- Extracted data
▬▬▬

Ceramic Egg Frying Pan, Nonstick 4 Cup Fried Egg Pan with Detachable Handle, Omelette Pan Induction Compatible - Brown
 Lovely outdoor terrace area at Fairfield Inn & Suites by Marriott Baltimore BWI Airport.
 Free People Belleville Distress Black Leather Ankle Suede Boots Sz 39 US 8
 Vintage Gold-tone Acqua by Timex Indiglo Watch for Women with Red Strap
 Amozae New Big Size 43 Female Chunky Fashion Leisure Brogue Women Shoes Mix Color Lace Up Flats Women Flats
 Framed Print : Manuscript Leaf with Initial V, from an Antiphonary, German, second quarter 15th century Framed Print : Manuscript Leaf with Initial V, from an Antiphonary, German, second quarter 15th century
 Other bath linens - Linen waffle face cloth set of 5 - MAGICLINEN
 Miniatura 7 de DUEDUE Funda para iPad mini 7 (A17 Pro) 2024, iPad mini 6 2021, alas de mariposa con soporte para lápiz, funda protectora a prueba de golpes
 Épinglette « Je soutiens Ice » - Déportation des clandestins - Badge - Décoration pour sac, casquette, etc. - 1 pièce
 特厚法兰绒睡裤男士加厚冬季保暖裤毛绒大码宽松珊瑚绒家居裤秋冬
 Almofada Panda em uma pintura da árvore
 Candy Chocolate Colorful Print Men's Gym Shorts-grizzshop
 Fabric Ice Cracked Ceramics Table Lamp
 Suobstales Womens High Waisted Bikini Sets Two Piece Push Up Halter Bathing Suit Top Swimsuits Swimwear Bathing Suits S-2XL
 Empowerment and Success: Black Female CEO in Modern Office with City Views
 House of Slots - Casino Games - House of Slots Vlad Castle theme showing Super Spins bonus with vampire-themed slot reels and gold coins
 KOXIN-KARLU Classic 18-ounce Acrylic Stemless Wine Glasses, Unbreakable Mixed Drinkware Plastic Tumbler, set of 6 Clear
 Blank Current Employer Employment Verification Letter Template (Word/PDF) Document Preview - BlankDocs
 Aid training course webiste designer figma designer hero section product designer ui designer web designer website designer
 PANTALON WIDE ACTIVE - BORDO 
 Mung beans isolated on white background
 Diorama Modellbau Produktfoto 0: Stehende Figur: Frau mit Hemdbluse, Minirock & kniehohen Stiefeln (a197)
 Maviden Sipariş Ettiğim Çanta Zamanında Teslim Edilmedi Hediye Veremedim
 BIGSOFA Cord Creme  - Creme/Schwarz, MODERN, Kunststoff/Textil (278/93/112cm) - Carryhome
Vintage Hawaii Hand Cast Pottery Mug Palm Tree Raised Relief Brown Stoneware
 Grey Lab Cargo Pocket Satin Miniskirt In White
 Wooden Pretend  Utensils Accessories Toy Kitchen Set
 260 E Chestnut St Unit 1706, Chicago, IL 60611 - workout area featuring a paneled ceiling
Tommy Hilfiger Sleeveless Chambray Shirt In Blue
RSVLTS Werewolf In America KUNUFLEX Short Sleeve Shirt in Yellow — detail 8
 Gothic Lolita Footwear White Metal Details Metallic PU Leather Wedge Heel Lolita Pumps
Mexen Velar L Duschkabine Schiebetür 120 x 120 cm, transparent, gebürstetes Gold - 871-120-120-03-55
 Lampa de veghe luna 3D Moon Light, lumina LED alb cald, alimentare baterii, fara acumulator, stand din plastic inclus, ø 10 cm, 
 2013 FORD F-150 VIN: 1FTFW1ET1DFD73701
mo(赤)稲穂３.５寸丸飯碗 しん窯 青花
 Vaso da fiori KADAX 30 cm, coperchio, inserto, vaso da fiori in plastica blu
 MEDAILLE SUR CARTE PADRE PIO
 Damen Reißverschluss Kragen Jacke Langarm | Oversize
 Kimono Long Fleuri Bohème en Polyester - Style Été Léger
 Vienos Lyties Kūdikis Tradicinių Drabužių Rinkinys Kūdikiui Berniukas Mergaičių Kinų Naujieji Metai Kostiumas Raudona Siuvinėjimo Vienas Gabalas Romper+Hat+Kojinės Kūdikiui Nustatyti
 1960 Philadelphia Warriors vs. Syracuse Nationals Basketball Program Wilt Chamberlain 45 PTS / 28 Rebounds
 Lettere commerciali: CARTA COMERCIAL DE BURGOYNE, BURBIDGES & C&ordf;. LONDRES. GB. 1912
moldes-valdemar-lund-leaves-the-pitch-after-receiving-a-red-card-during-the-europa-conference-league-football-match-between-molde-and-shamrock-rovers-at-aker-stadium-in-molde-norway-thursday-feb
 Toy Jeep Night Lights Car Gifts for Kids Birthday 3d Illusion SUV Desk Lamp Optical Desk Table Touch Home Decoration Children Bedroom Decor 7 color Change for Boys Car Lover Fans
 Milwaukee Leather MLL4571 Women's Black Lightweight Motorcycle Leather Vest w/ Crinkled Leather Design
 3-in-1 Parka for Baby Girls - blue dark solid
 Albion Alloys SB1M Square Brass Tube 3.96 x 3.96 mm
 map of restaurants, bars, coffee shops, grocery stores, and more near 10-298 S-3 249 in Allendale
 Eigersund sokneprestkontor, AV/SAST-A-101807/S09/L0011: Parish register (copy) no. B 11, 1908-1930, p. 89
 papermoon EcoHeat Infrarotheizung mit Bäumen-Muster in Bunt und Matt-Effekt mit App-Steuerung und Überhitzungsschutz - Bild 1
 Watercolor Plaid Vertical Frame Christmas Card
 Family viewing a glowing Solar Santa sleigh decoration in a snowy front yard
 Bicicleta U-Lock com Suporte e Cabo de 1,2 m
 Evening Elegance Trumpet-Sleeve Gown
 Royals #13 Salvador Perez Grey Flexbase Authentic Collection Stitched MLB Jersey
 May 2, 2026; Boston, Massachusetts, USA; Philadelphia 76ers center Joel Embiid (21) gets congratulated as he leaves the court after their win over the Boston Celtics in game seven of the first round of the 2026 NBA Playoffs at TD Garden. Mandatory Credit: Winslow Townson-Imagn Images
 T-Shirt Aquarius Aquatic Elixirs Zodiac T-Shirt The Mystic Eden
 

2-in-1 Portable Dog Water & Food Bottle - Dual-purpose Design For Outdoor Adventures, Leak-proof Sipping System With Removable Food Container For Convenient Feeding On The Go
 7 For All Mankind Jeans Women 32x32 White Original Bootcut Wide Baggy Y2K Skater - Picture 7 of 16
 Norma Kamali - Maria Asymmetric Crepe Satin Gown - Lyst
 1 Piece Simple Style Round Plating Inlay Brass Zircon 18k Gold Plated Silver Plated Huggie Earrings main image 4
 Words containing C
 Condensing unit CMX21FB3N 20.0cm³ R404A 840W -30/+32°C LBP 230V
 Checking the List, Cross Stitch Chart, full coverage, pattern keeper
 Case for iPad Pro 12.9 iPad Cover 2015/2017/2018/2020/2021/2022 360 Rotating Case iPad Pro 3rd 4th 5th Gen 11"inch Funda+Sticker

▬▬▬

- Task goal
Without altering a single word, transcribe the entries above.

- Solution to the problem
Ceramic Egg Frying Pan, Nonstick 4 Cup Fried Egg Pan with Detachable Handle, Omelette Pan Induction Compatible - Brown
 Lovely outdoor terrace area at Fairfield Inn & Suites by Marriott Baltimore BWI Airport.
 Free People Belleville Distress Black Leather Ankle Suede Boots Sz 39 US 8
 Vintage Gold-tone Acqua by Timex Indiglo Watch for Women with Red Strap
 Amozae New Big Size 43 Female Chunky Fashion Leisure Brogue Women Shoes Mix Color Lace Up Flats Women Flats
 Framed Print : Manuscript Leaf with Initial V, from an Antiphonary, German, second quarter 15th century Framed Print : Manuscript Leaf with Initial V, from an Antiphonary, German, second quarter 15th century
 Other bath linens - Linen waffle face cloth set of 5 - MAGICLINEN
 Miniatura 7 de DUEDUE Funda para iPad mini 7 (A17 Pro) 2024, iPad mini 6 2021, alas de mariposa con soporte para lápiz, funda protectora a prueba de golpes
 Épinglette « Je soutiens Ice » - Déportation des clandestins - Badge - Décoration pour sac, casquette, etc. - 1 pièce
 特厚法兰绒睡裤男士加厚冬季保暖裤毛绒大码宽松珊瑚绒家居裤秋冬
 Almofada Panda em uma pintura da árvore
 Candy Chocolate Colorful Print Men's Gym Shorts-grizzshop
 Fabric Ice Cracked Ceramics Table Lamp
 Suobstales Womens High Waisted Bikini Sets Two Piece Push Up Halter Bathing Suit Top Swimsuits Swimwear Bathing Suits S-2XL
 Empowerment and Success: Black Female CEO in Modern Office with City Views
 House of Slots - Casino Games - House of Slots Vlad Castle theme showing Super Spins bonus with vampire-themed slot reels and gold coins
 KOXIN-KARLU Classic 18-ounce Acrylic Stemless Wine Glasses, Unbreakable Mixed Drinkware Plastic Tumbler, set of 6 Clear
 Blank Current Employer Employment Verification Letter Template (Word/PDF) Document Preview - BlankDocs
 Aid training course webiste designer figma designer hero section product designer ui designer web designer website designer
 PANTALON WIDE ACTIVE - BORDO 
 Mung beans isolated on white background
 Diorama Modellbau Produktfoto 0: Stehende Figur: Frau mit Hemdbluse, Minirock & kniehohen Stiefeln (a197)
 Maviden Sipariş Ettiğim Çanta Zamanında Teslim Edilmedi Hediye Veremedim
 BIGSOFA Cord Creme  - Creme/Schwarz, MODERN, Kunststoff/Textil (278/93/112cm) - Carryhome
Vintage Hawaii Hand Cast Pottery Mug Palm Tree Raised Relief Brown Stoneware
 Grey Lab Cargo Pocket Satin Miniskirt In White
 Wooden Pretend  Utensils Accessories Toy Kitchen Set
 260 E Chestnut St Unit 1706, Chicago, IL 60611 - workout area featuring a paneled ceiling
Tommy Hilfiger Sleeveless Chambray Shirt In Blue
RSVLTS Werewolf In America KUNUFLEX Short Sleeve Shirt in Yellow — detail 8
 Gothic Lolita Footwear White Metal Details Metallic PU Leather Wedge Heel Lolita Pumps
Mexen Velar L Duschkabine Schiebetür 120 x 120 cm, transparent, gebürstetes Gold - 871-120-120-03-55
 Lampa de veghe luna 3D Moon Light, lumina LED alb cald, alimentare baterii, fara acumulator, stand din plastic inclus, ø 10 cm, 
 2013 FORD F-150 VIN: 1FTFW1ET1DFD73701
mo(赤)稲穂３.５寸丸飯碗 しん窯 青花
 Vaso da fiori KADAX 30 cm, coperchio, inserto, vaso da fiori in plastica blu
 MEDAILLE SUR CARTE PADRE PIO
 Damen Reißverschluss Kragen Jacke Langarm | Oversize
 Kimono Long Fleuri Bohème en Polyester - Style Été Léger
 Vienos Lyties Kūdikis Tradicinių Drabužių Rinkinys Kūdikiui Berniukas Mergaičių Kinų Naujieji Metai Kostiumas Raudona Siuvinėjimo Vienas Gabalas Romper+Hat+Kojinės Kūdikiui Nustatyti
 1960 Philadelphia Warriors vs. Syracuse Nationals Basketball Program Wilt Chamberlain 45 PTS / 28 Rebounds
 Lettere commerciali: CARTA COMERCIAL DE BURGOYNE, BURBIDGES & C&ordf;. LONDRES. GB. 1912
moldes-valdemar-lund-leaves-the-pitch-after-receiving-a-red-card-during-the-europa-conference-league-football-match-between-molde-and-shamrock-rovers-at-aker-stadium-in-molde-norway-thursday-feb
 Toy Jeep Night Lights Car Gifts for Kids Birthday 3d Illusion SUV Desk Lamp Optical Desk Table Touch Home Decoration Children Bedroom Decor 7 color Change for Boys Car Lover Fans
 Milwaukee Leather MLL4571 Women's Black Lightweight Motorcycle Leather Vest w/ Crinkled Leather Design
 3-in-1 Parka for Baby Girls - blue dark solid
 Albion Alloys SB1M Square Brass Tube 3.96 x 3.96 mm
 map of restaurants, bars, coffee shops, grocery stores, and more near 10-298 S-3 249 in Allendale
 Eigersund sokneprestkontor, AV/SAST-A-101807/S09/L0011: Parish register (copy) no. B 11, 1908-1930, p. 89
 papermoon EcoHeat Infrarotheizung mit Bäumen-Muster in Bunt und Matt-Effekt mit App-Steuerung und Überhitzungsschutz - Bild 1
 Watercolor Plaid Vertical Frame Christmas Card
 Family viewing a glowing Solar Santa sleigh decoration in a snowy front yard
 Bicicleta U-Lock com Suporte e Cabo de 1,2 m
 Evening Elegance Trumpet-Sleeve Gown
 Royals #13 Salvador Perez Grey Flexbase Authentic Collection Stitched MLB Jersey
 May 2, 2026; Boston, Massachusetts, USA; Philadelphia 76ers center Joel Embiid (21) gets congratulated as he leaves the court after their win over the Boston Celtics in game seven of the first round of the 2026 NBA Playoffs at TD Garden. Mandatory Credit: Winslow Townson-Imagn Images
 T-Shirt Aquarius Aquatic Elixirs Zodiac T-Shirt The Mystic Eden
 

2-in-1 Portable Dog Water & Food Bottle - Dual-purpose Design For Outdoor Adventures, Leak-proof Sipping System With Removable Food Container For Convenient Feeding On The Go
 7 For All Mankind Jeans Women 32x32 White Original Bootcut Wide Baggy Y2K Skater - Picture 7 of 16
 Norma Kamali - Maria Asymmetric Crepe Satin Gown - Lyst
 1 Piece Simple Style Round Plating Inlay Brass Zircon 18k Gold Plated Silver Plated Huggie Earrings main image 4
 Words containing C
 Condensing unit CMX21FB3N 20.0cm³ R404A 840W -30/+32°C LBP 230V
 Checking the List, Cross Stitch Chart, full coverage, pattern keeper
 Case for iPad Pro 12.9 iPad Cover 2015/2017/2018/2020/2021/2022 360 Rotating Case iPad Pro 3rd 4th 5th Gen 11"inch Funda+Sticker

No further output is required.